Few have been spared exposure to some form of the Myers-Briggs Type Indicator used in all manner of employment settings to determine where best to place the right cog, yet few probably know that the test was developed to help women entering the workforce during WW II. Drawing on existing psychological theories, Katherine Cook Briggs and her daughter, Isabel Briggs Myers, assumed that if you could understand something about a woman’s personality you could figure out the type of work where should would feel most at ease and be efficient at the task. Previous work experience was not the only clue.
Organizations want you to be able to work well with co-workers and to recognize strengths versus weakness, assuming that such insights will lead to greater levels of productivity. The implication though of tests like the Myers-Briggs is that people cannot figure this out for themselves.

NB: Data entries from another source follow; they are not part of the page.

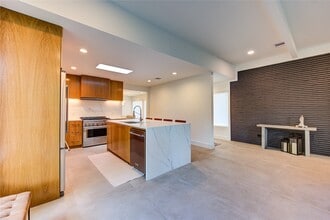 Building Photo - 303 Isolde Dr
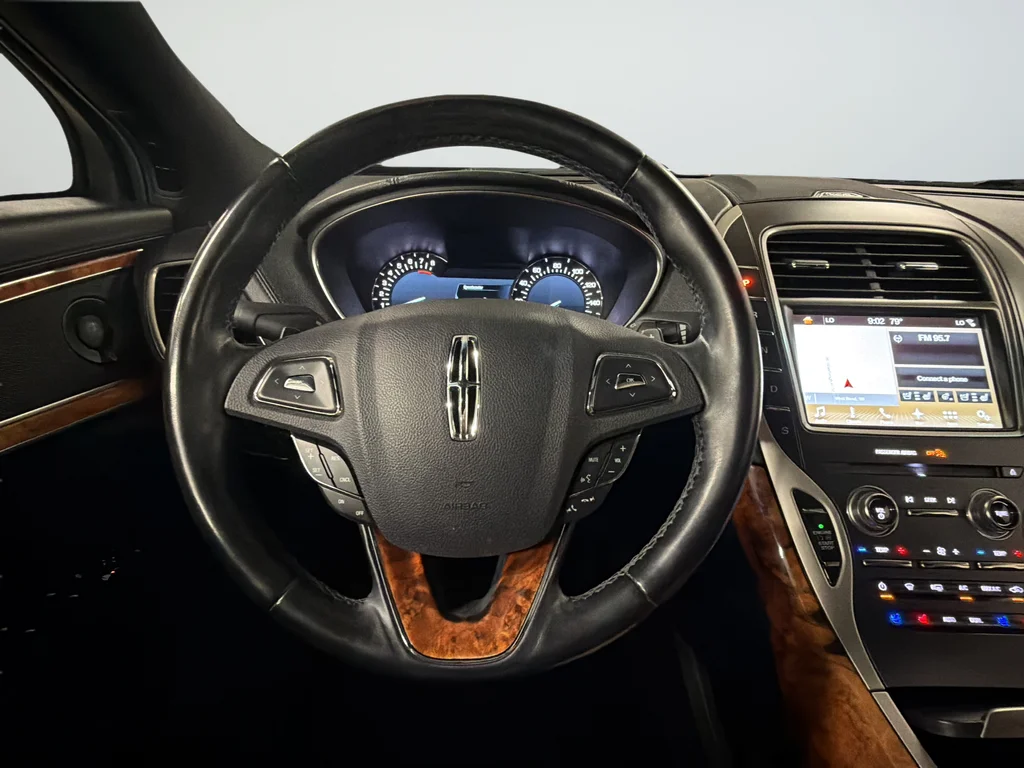 Used 2017 Gray Lincoln Reserve image 34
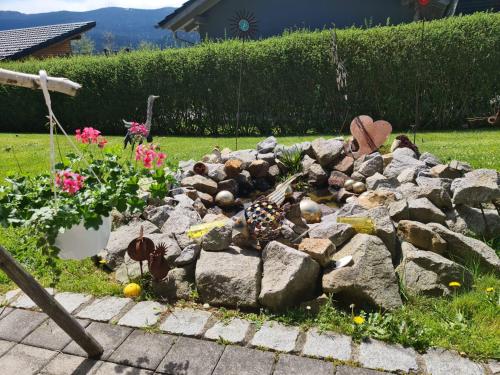 a rock garden with flowers and plants in a yard at Ferienwohnung HOAMAT Schmalzreich Andrea in Lam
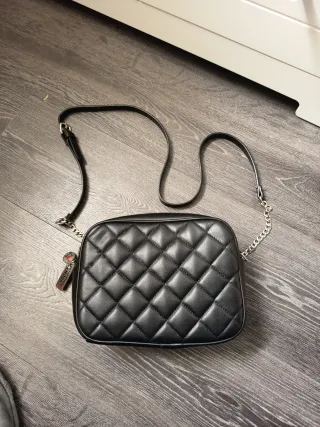 Bolso acolchado negro Stradivarius
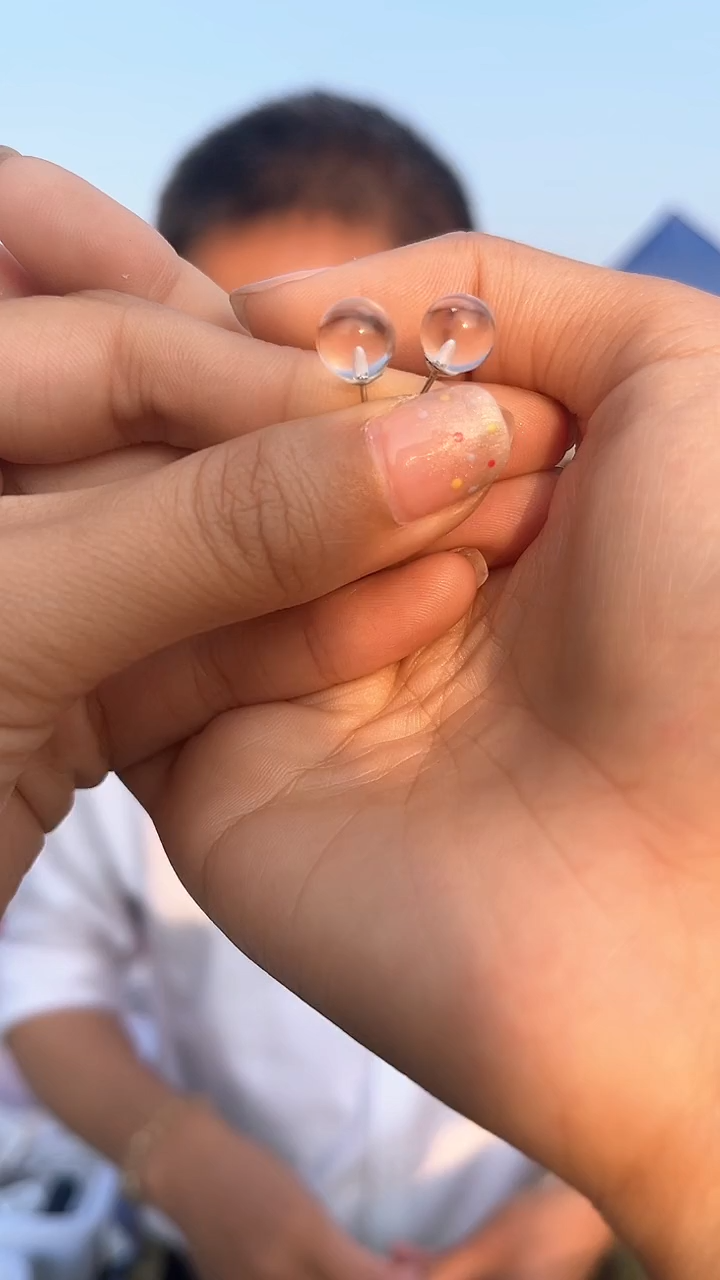 水晶耳钉银S925镶嵌天然多样性发一mm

The popularity of personality quizzes implies people cannot. Magazines have long used these as come-ons to boost cover appeal. Seventeen asks, “What is your Dream Job?” Good Housekeeping helps you to discover, “Which Dog is Right for You?” And Cosmopolitan wants to know, of course, “Are You Enough of a Bad Girl?” The number of quizzes popping up on Internet is growing.
It is interesting how many of these quizzes deal with Italian and Italian American themes. How Italian are You? Which Italian Wine are You? What kind of Italian Food are You? This is where one also learns that being lasagna means that you are passionate, ravioli means that you are confident and antipasti suggests being open-minded.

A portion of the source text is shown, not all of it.